Member of the National Assembly of Pakistan
- Incumbent
- Assumed office 26 April 2024
- Constituency: NA-44 Dera Ismail Khan-I

Member of the Provincial Assembly of Khyber Pakhtunkhwa
- In office 22 October 2018 – 18 January 2023
- Constituency: PK-97 (Dera Ismail Khan-III)

Provincial Minister for Local Government, Elections and Rural Development
- In office 29 November 2021 – 18 January 2023
- Governor: Shah Farman Haji Ghulam Ali
- Chief Minister: Mahmood Khan

Personal details
- Born: 20 December 1975 (age 50) Dera Ismail Khan, Khyber Pakhtunkhwa, Pakistan
- Citizenship: Pakistan France (renounced)
- Party: PTI (2018-present)
- Relations: Ali Amin Gandapur (brother)

= Faisal Amin Khan Gandapur =

Pakistani politician

Sardar Faisal Amin Khan Gandapur is a Pakistani politician who has been a member of the National Assembly of Pakistan since April 2024. He was a member of the Provincial Assembly of Khyber Pakhtunkhwa from October 2018 to January 2023.

He also served as the Provincial Minister of for Local Government, Elections, and Rural Development from November 2021 till January 2023.

Additionally, he has also worked in modeling and journalism.

Faisal Amin was a French citizen but on the advice of his brother Ali Amin Gandapur relinquished his citizenship in 2018 when he joined the active politics of Pakistan.

== Early life and education ==
Faisal Amin was born in Dera Ismail Khan, Khyber Pakhtunkhwa on 20 December 1975.

He belongs to a politically active Pashtun family of the Gandapur tribe: His late father Major (retd) Aminullah Gandapur was the former Minister for Revenue, Excise and Taxation, while his brothers Ali Amin Gandapur and Umar Amin Khan Gandapur have served in important administrative postings.

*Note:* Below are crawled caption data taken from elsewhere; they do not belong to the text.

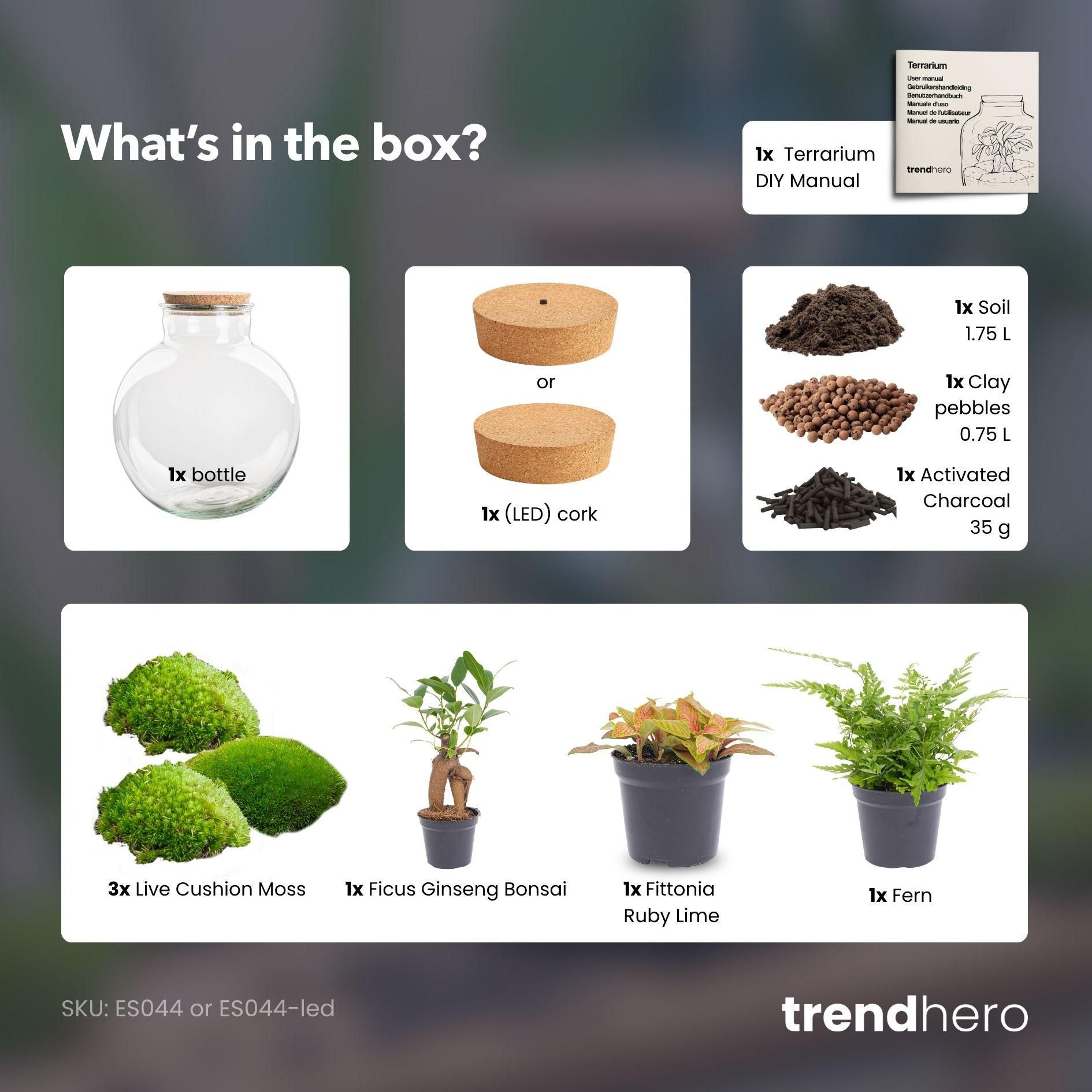 DIY Planten terrarium met licht - Bolder Bob Bonsai - Ø 31 cm ↑ 30 cm (8720872022994)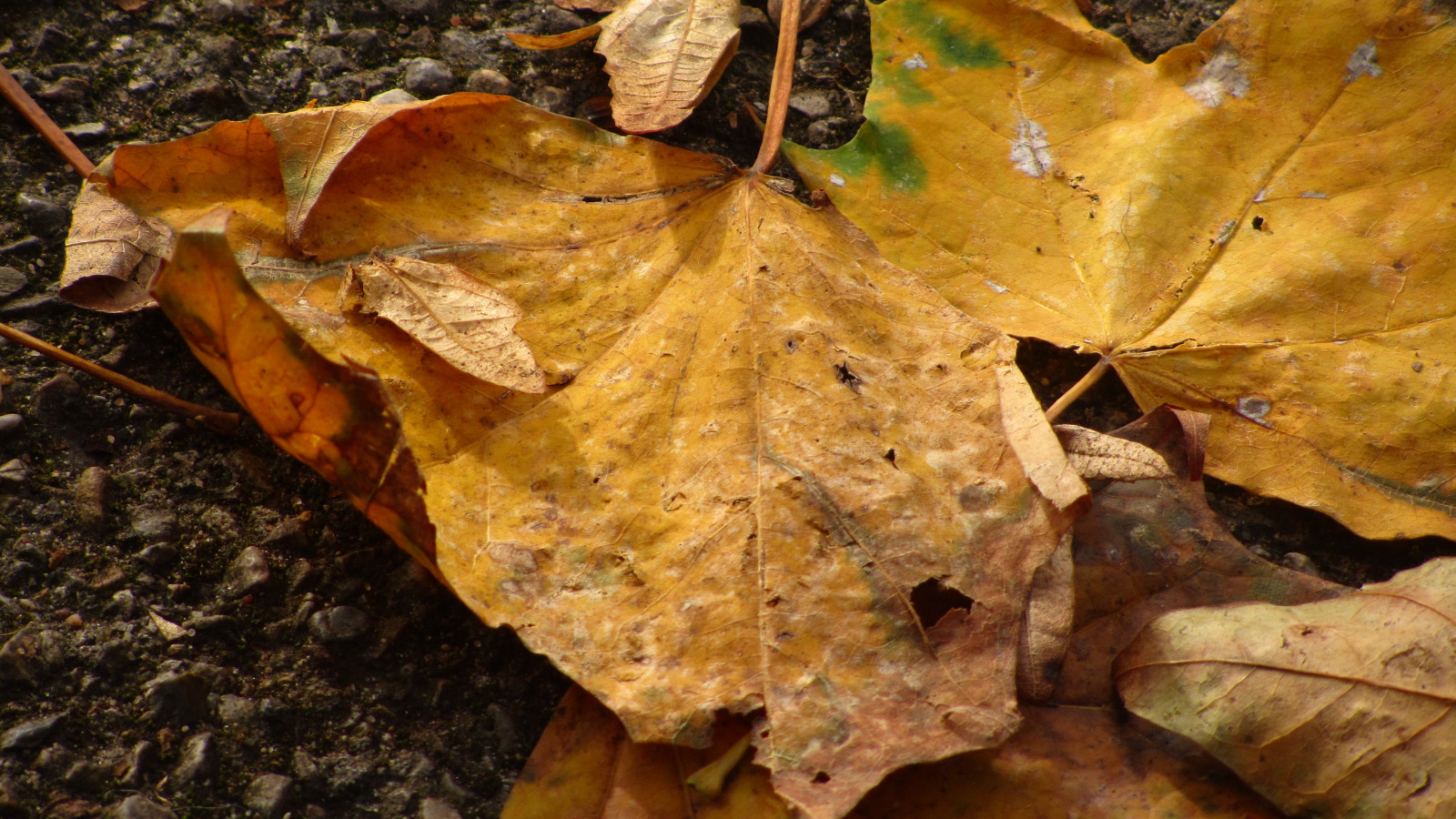 Příroda, architektura, průmyslový, grafiti, listy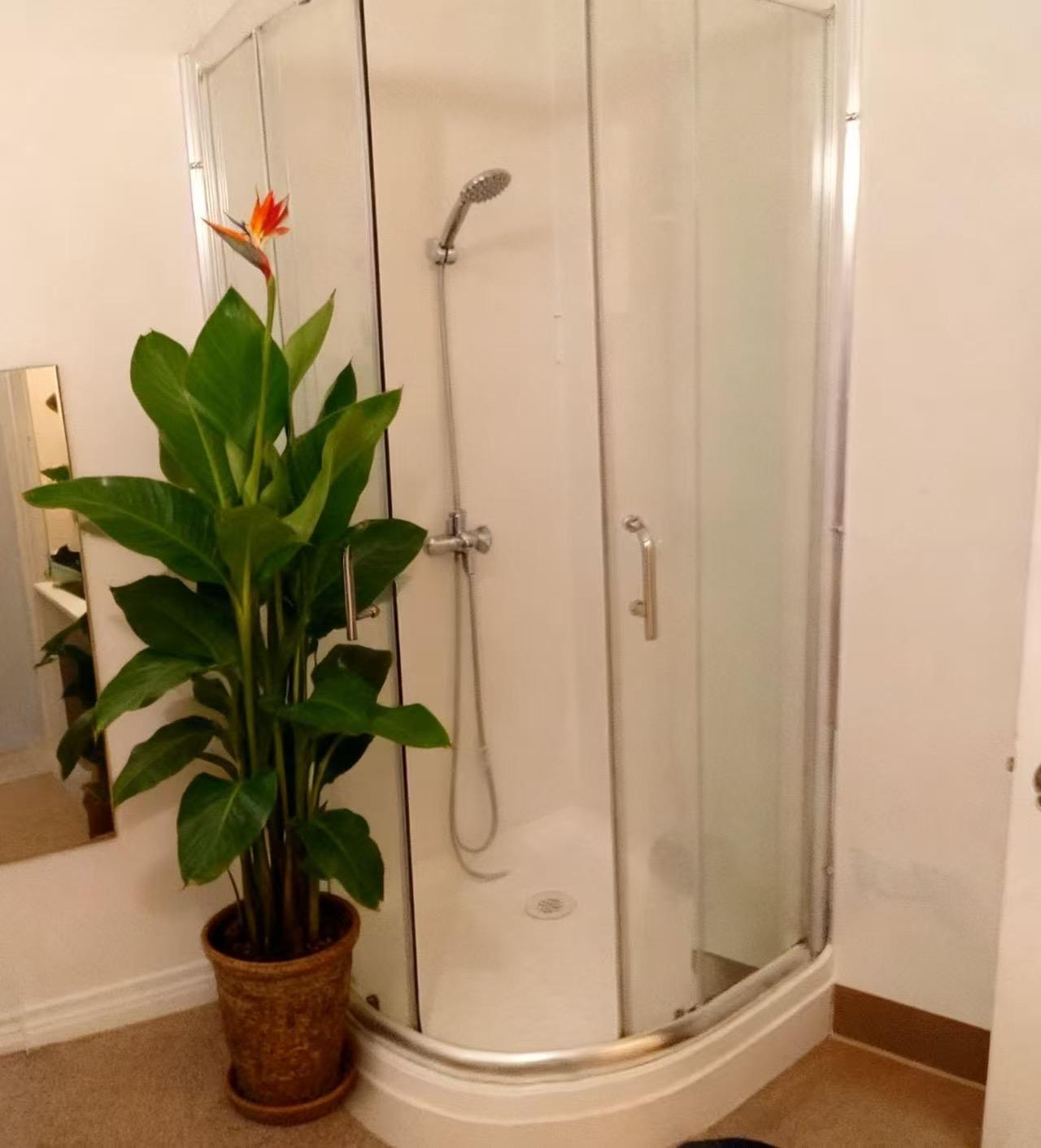 Ellagance Wellness Spa Experience 3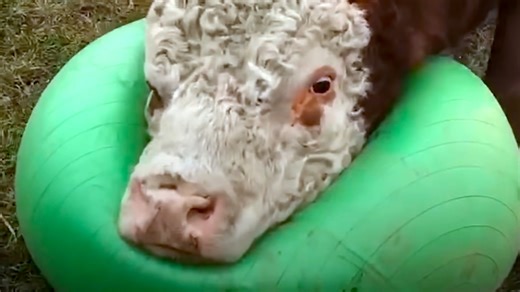 Big Bull Loves to Play With Exercise Balls Until They Pop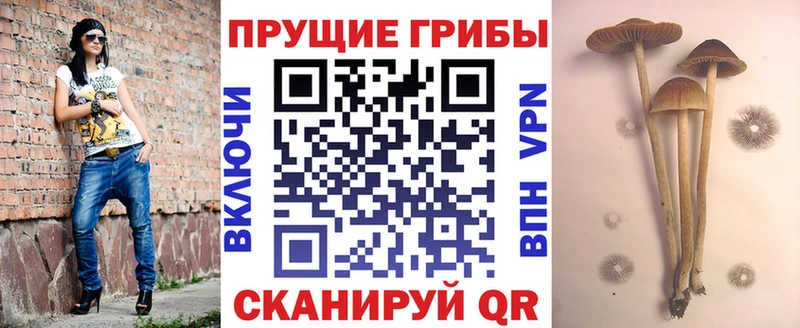 цены   blacksprut   Галлюциногенные грибы Psilocybine cubensis  Высоковск 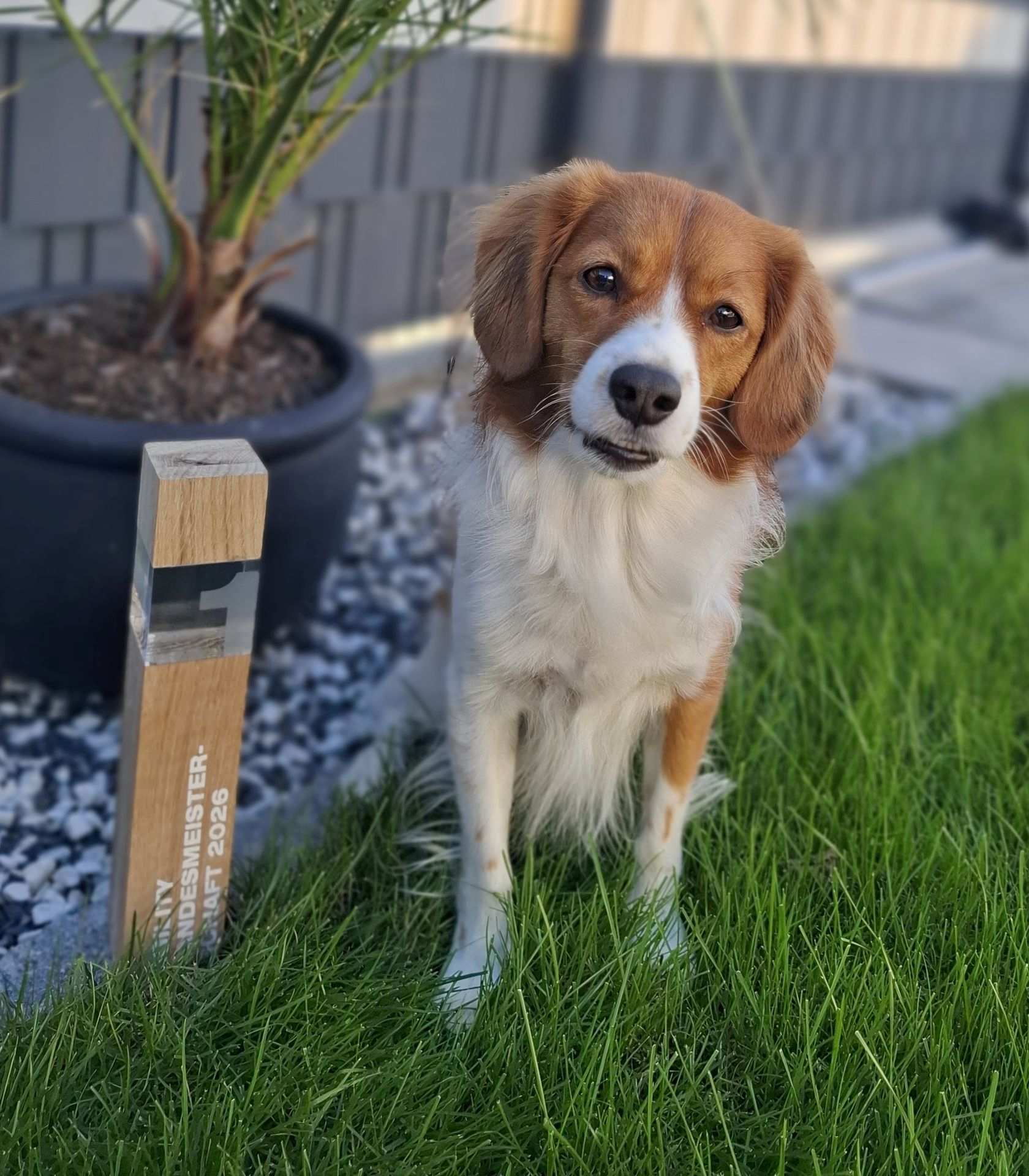Bayani von Chaccos Huisje Landesmeister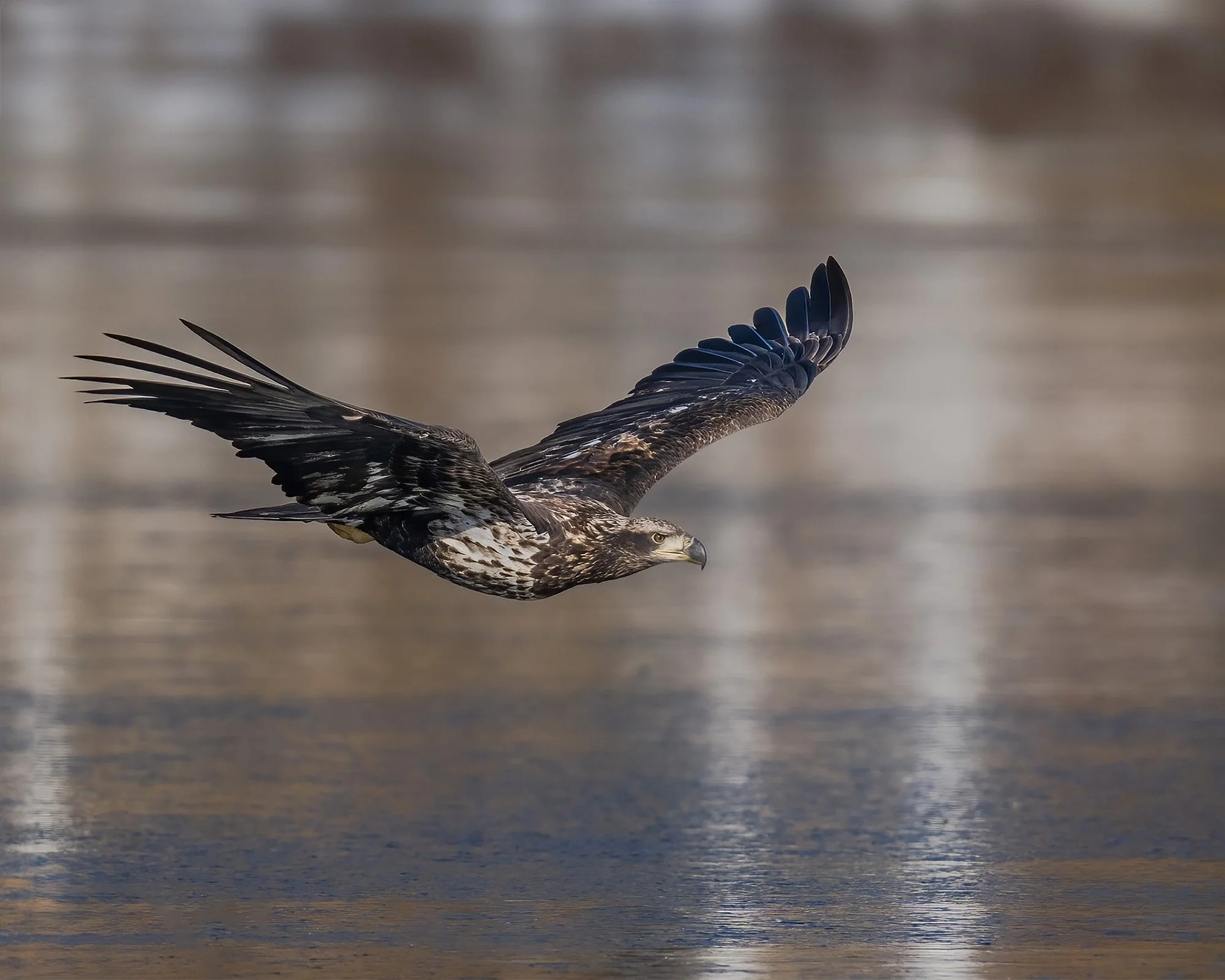 Bald Eagle, Immature - Minnesota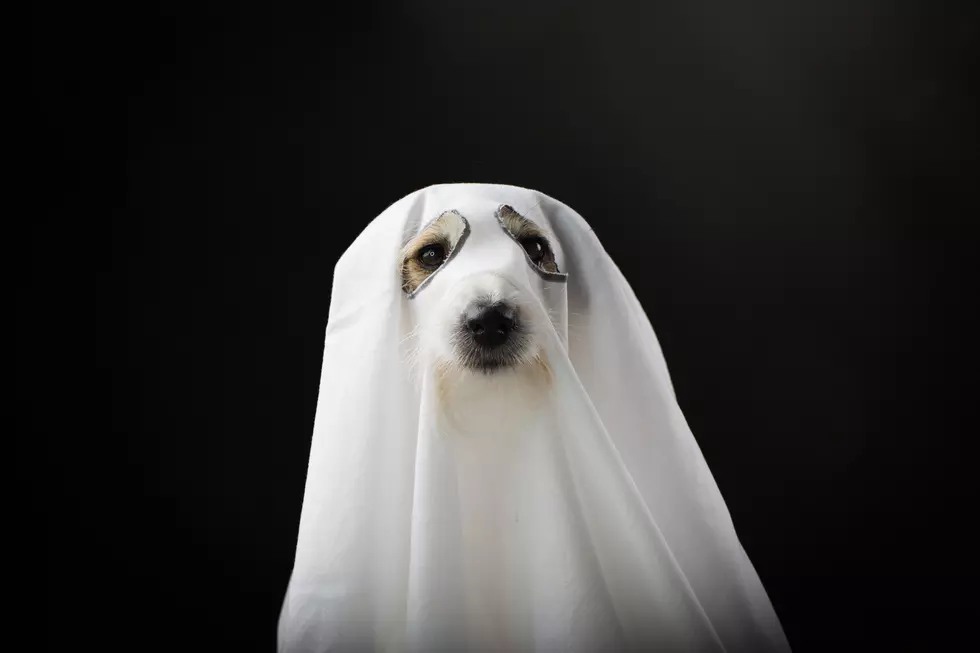 5 Clues Your House Is Haunted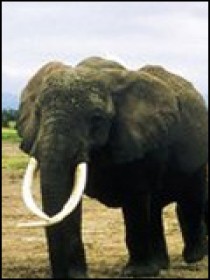 15 ans avec les éléphants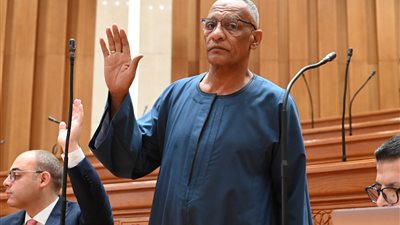  النائب مدحت ركابي المنصوراوي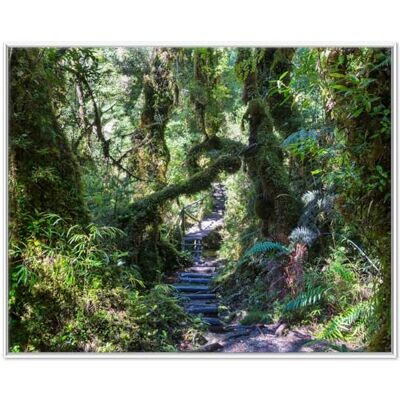 Wallario Poster de qualité supérieure Chemin à travers la forêt de mousse Avec cadre blanc Dimensions : 40 x 50 cm Wallario Poster de qualité supérieure Chemin à travers la forêt de mousse Avec cadre blanc Dimensions : 40 x 50 cm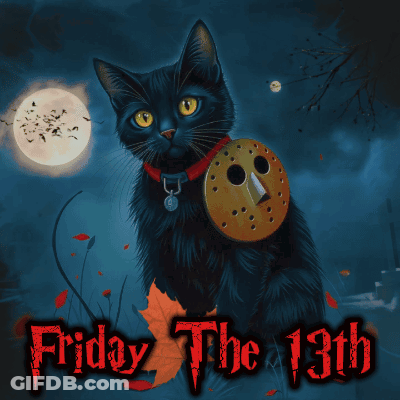 Black Cat Jason Voorhees Mask Beware I'm Coming Friday The 13Th GIF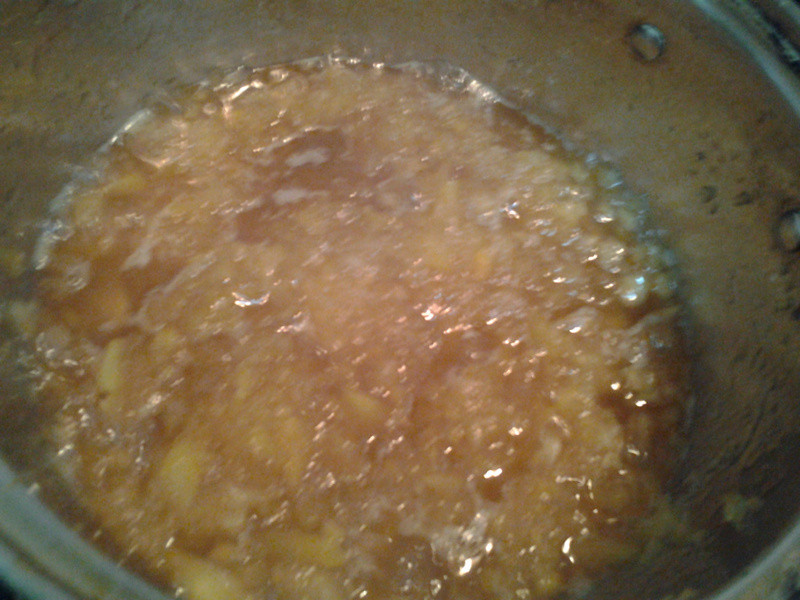 Y�ҵ�С����--����ƻ����������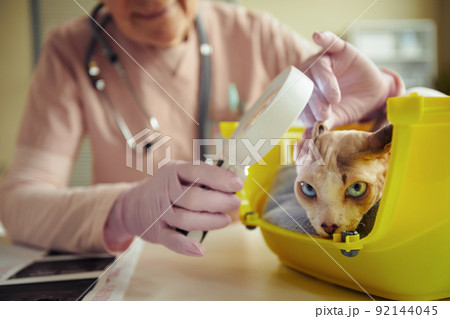 Sphynx Cat in Vet Clinic 92144045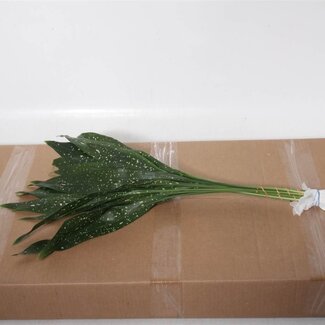 Freshy Aspidistra “Milky Way” | Kleur: Groen | Lengte ± 45 centimeter | Per 5 bossen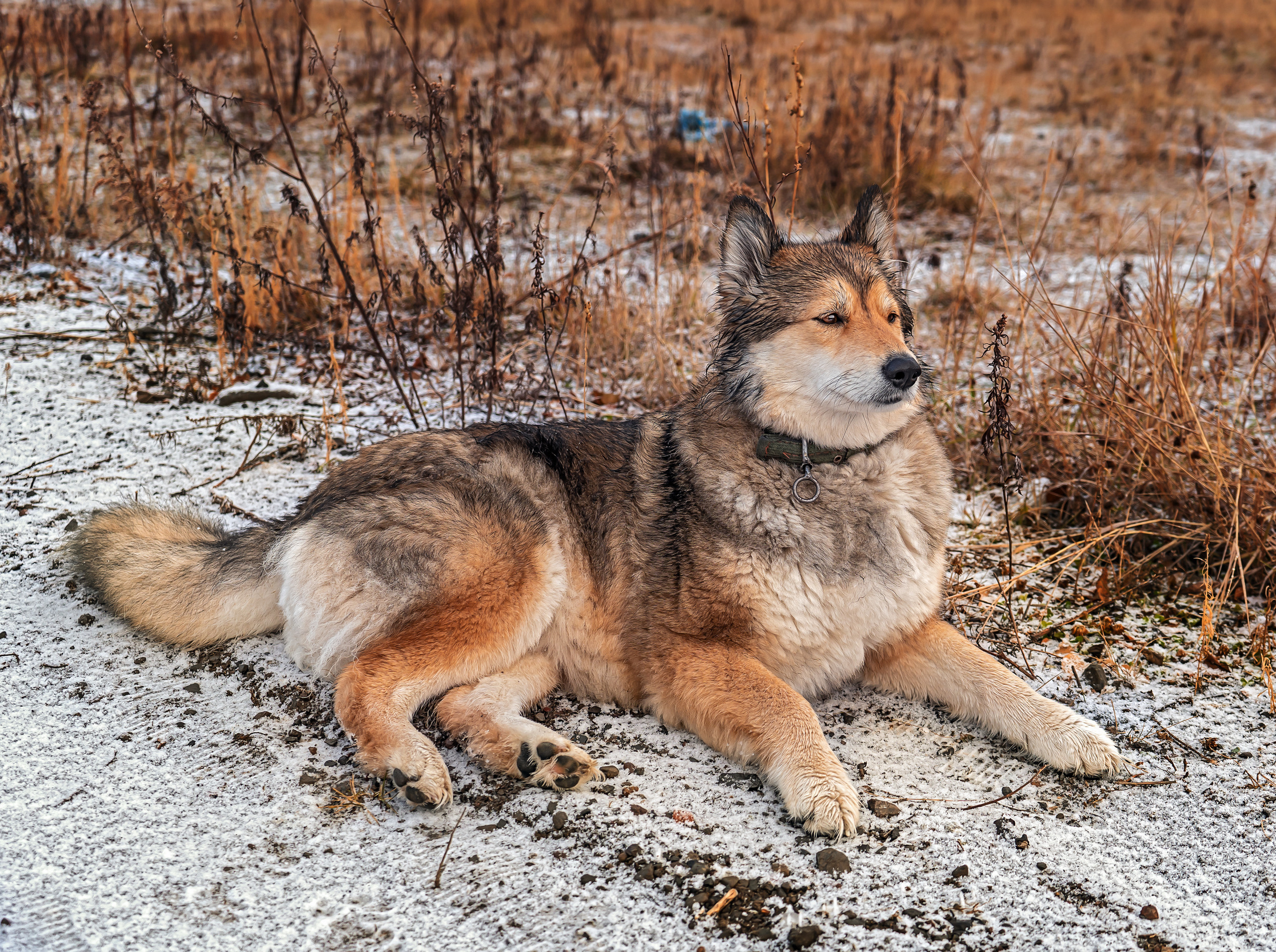 фото собаки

He was educated at the Government College University, Lahore and at the Forman Christian College, Lahore, having earned his Master's degree in English literature.

== Career ==
Before entering politics Faisal Amin was a model, featuring in a music video by Shehzad Roy and having walked the runway at the Paris Fashion Week in France. He has written articles for leading French magazines, including the daily newspaper Le Figaro. He is an horse breeder and an environmentalist.

Faisal Amin was elected to the Provincial Assembly of Khyber Pakhtunkhwa as a candidate of Pakistan Tehreek-e-Insaf (PTI) from the constituency PK-97 in the 2018 Pakistani by-elections held on 14 October 2018. He defeated Farhan Afzal Malik of Pakistan Peoples Party (PPP). Gandapur garnered 18,170 votes while his closest rival, the combined opposition candidate Farhan Dhap Advocate of PPP secured only 7,609 votes.